PROBLEM TO SOLVE -> Transcribe this listing exactly; omit the pictures.

PROVIDED DATA ->
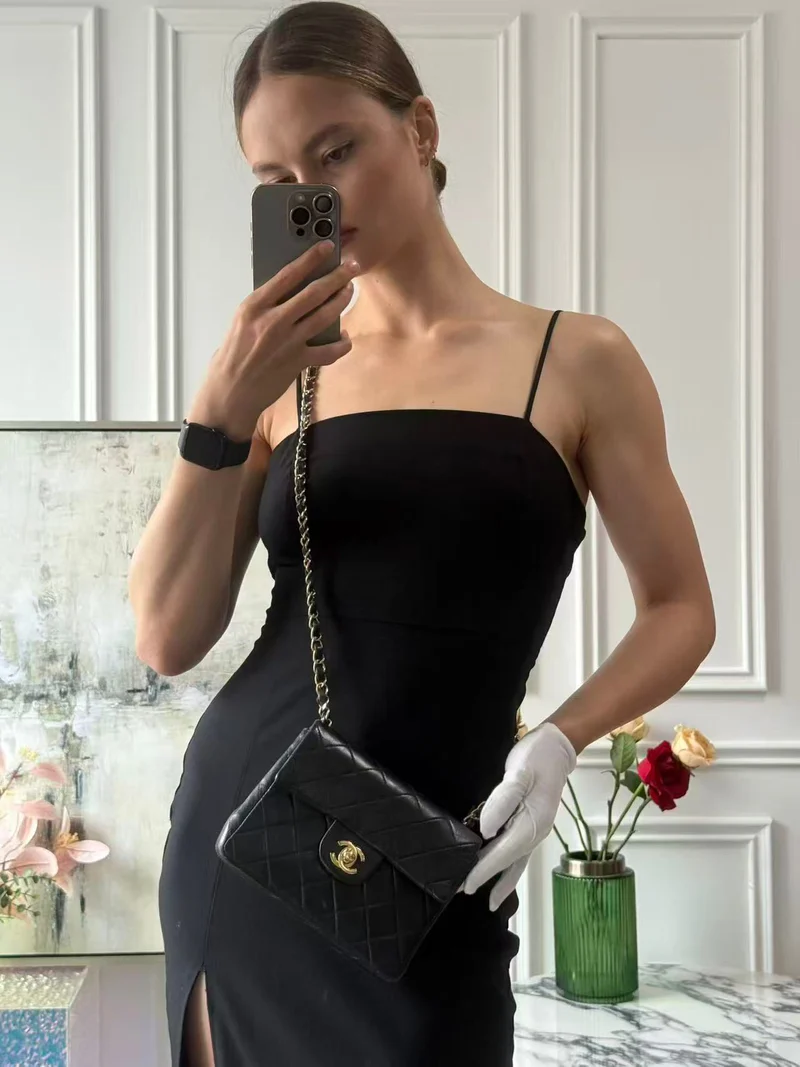 Chanel Schwarze Vintage Mini-Flap-Quadrat-Tasche 2000er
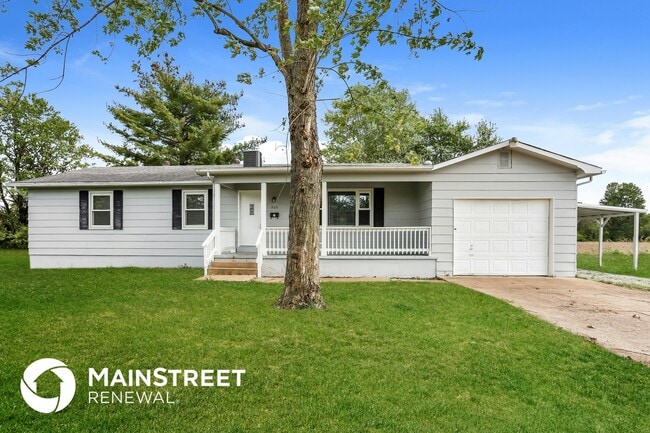 property at 802 S 2nd St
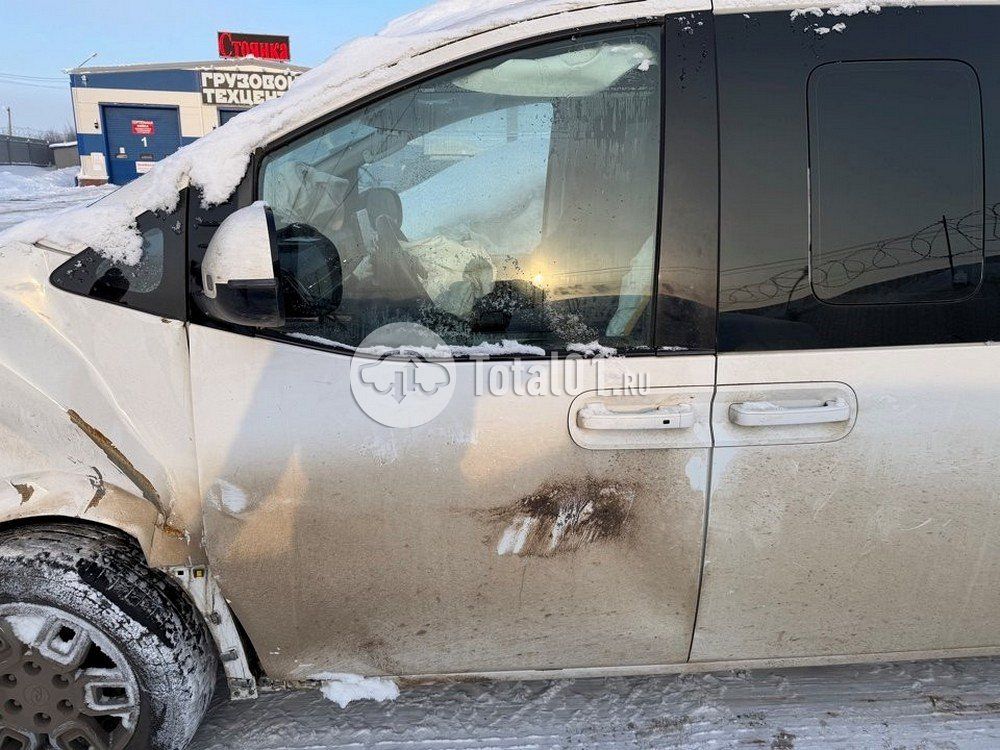 Фото Hyundai STARIA 42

ANSWER TO THE EXERCISE ->
 Chanel Schwarze Vintage Mini-Flap-Quadrat-Tasche 2000er
 property at 802 S 2nd St
 Фото Hyundai STARIA 42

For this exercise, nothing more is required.